Laporan Reporter Tribunnews.com, Rizki Sandi Saputra
TRIBUNNEWS.COM, JAKARTA - Juru Bicara Komisi Yudisial RI (KY) Miko Ginting menyatakan, sejauh ini pihaknya telah menerima laporan dari tiga kelompok atas putusan majelis hakim Pengadilan Negeri (PN) Jakarta Selatan terkait penundaan pemilu.
Miko menyatakan, laporan itu diterima pihaknya mulai tanggal 6 Maret 2023 kemarin.
"Per 6 maret 2023 komisi yudisial sudah menerima tiga laporan terkait dengan dugaan pelanggaran kode etik dan perilaku hakim dalam putusan ini, putusan 757 ini," kata Miko dalam forum group discussion dengan tema 'Pemilu Ditunda siapa Dalangnya' Fakultas Hukum Universitas Trisakti, Senin (20/3/2023).
Baca juga: Bawaslu Putuskan KPU Terbukti Lakukan Pelanggaran Administratif Pemilu Terkait Partai Prima
Adapun tiga kelompok yang melayangkan laporan tersebut yakni kata dia, Koalisi Masyarakat Sipil untuk Pemilu Bersih, Kongres Pemuda Indonesia dan Kesatuan Aksi Mahasiswa Muslim Indonesia.
"Jadi tiga kelompok sudah memberikan laporan kepada komisi yudisial," ujar Miko.
Dirinya menyatakan, dalil atau inti dari pelaporan ketiga kelompok itu kata dia hampir senada.
Di mana, mereka menyinggung soal kompetensi dari hakim yang memutus perkara gugatan tersebut serta soal peraturan perundang-undangan yang dinilai ditabrak dalam putusan itu.
Baca juga: Akademisi Yakin Upaya Penundaan Pemilu Lewat Putusan PN Jakarta Pusat Dilakukan Secara Sistematis
"Di mana dalam perma konstitusi itu jelas bahwa pemilu itu dilakukan 5 tahun sekaki, begitu juga dengan undang-undang," kata dia.
"Jadi pemohon ini mendalilkan bahwa satu ya putusan ini jelas-jelas menabrak norma konstitusi uud 1945, kedua menabrak uu pemilu, ketiga para pelapor ini mengatakan bahwa ada juga salah satu peraturan Mahkamah Agung nomor 2 tahun 2019 itu soal tata cara mengadili untuk perbuatan melawan hukum dari pemerintah atau badan," sambungnya.
Dalam Perma itu kata dia menyatakan bahwa untuk perbuatan melawan hukum itu yang dilakukan oleh badan atau pemerintah dalam hal ini KPU, itu sejatinya dilayangkan ke Pengadilan Tata Usaha Negara bukan ke Pengadilan Negeri.

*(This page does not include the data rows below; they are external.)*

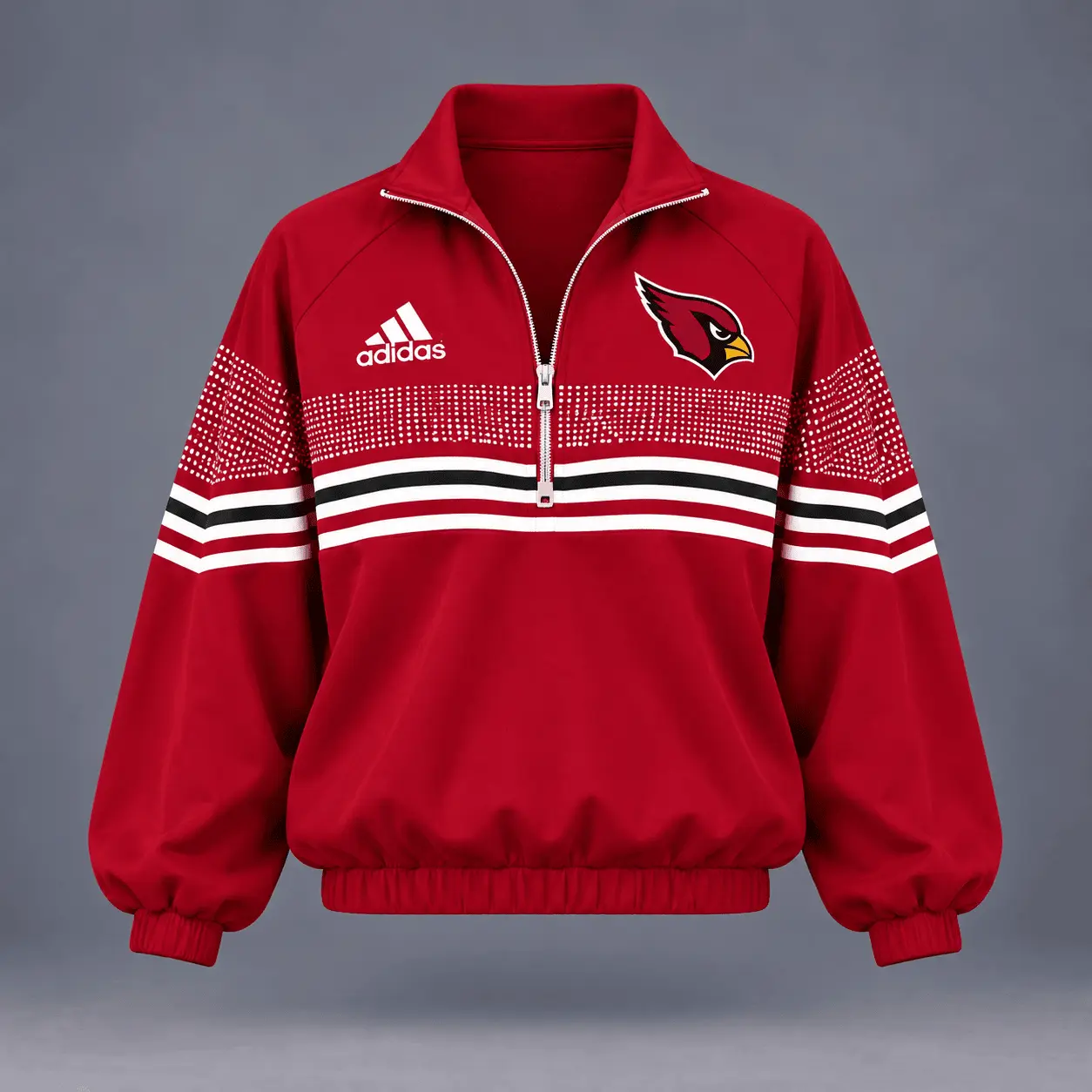 Arizona Cardinals | Premium NFL Team Spirit Gradient Dot Stripe Quarter-Zip + Pants TD - Image 2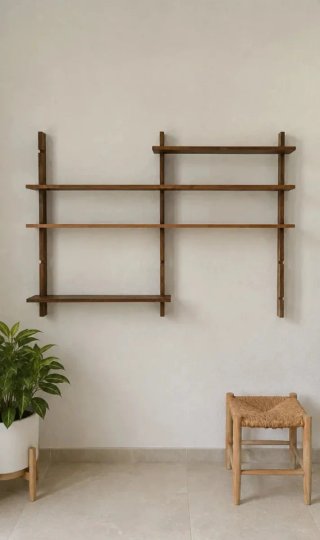 Estantería de pared modular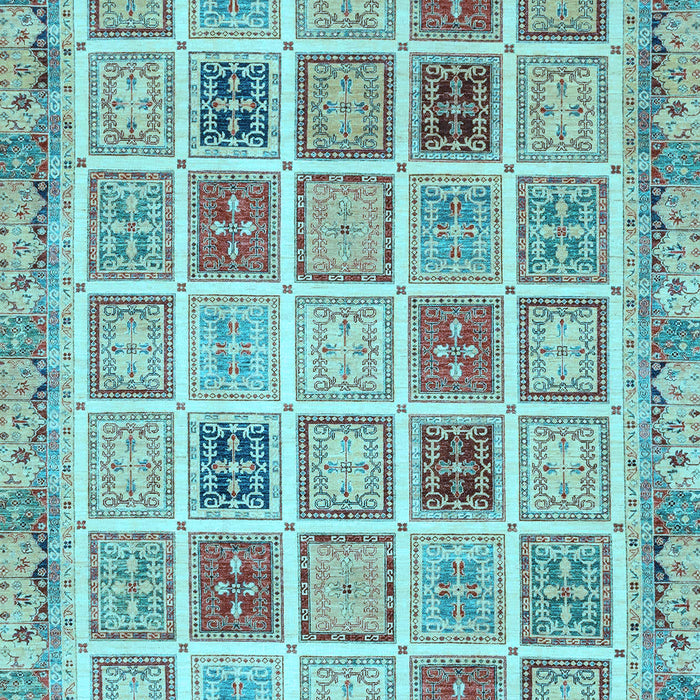 Machine Washable Oriental Light Blue Modern Rug, wshabs4047lblu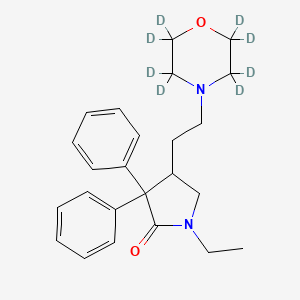 molecular formula C24H30N2O2 B12361223 Doxapram-d8 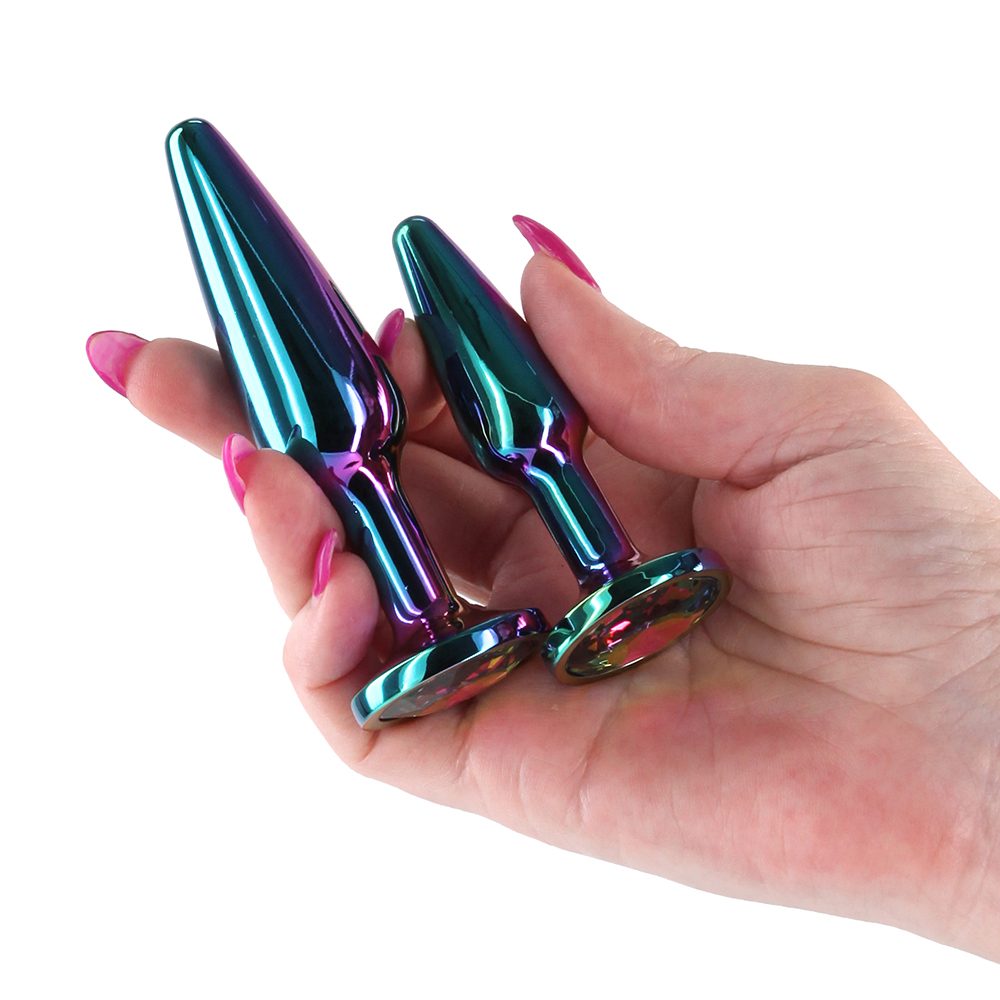 NS Novelties Rear Assets Tapered Training Kit – Rainbow Butt Plugs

Seperti diketahui, dalam perkara gugatan ini, KPU merupakan tergugat dengan penggugatnya yakni Partai PRIMA.
"Menyatakan bahwa untuk perbuatan melawan hukum penguasa yang tadinya di perdata itu sejatinya ke pengadilan Tata Usaha negara artinya bahwa dengan dalil seperti itu harusnya pelapor menilai kalau perkara ini tidak disidangkan ke perkara perdata tapi ke pengadilan Tata Usaha negara," tukas dia.
Sebelumnya, PN Jakpus mengabulkan gugatan Partai Prima. PN Jakpus baru saja menghukum KPU sebagai tergugat untuk menunda Pemilu dalam putusannya.
Diketahui, Gugatan perdata kepada KPU yang diketok pada Kamis (2/3/2023) itu dilayangkan Partai Prima pada 8 Desember 2022 lalu dengan nomor register 757/Pdt.G/2022/PN Jkt.Pst.
Baca juga: Putusan Majelis Hakim PN Jakarta Pusat Soal Penundaan Pemilu Patut Diduga Ultra Petita
Partai Prima merasa dirugikan oleh KPU dalam melakukan verifikasi administrasi partai politik yang ditetapkan dalam Rekapitulasi Hasil Verifikasi Administrasi Partai Politik Calon Peserta Pemilu.
Sebab, akibat verifikasi KPU tersebut, Partai Prima dinyatakan Tidak Memenuhi Syarat (TMS) dan tidak bisa mengikuti verifikasi faktual.
"Menghukum Tergugat untuk tidak melaksanakan sisa tahapan Pemilihan Umum 2024 sejak putusan ini diucapkan dan melaksanakan tahapan Pemilihan Umum dari awal selama lebih kurang 2 (dua ) tahun 4 (empat) bulan 7 (tujuh) hari," demikian bunyi putusan tersebut.